Exercise instructions:
Return every line of the listing exactly as written.

Input data:
┌────────

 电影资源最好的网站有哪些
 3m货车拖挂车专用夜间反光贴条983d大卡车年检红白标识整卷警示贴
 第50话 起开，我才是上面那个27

└────────

Response:
 电影资源最好的网站有哪些
 3m货车拖挂车专用夜间反光贴条983d大卡车年检红白标识整卷警示贴
 第50话 起开，我才是上面那个27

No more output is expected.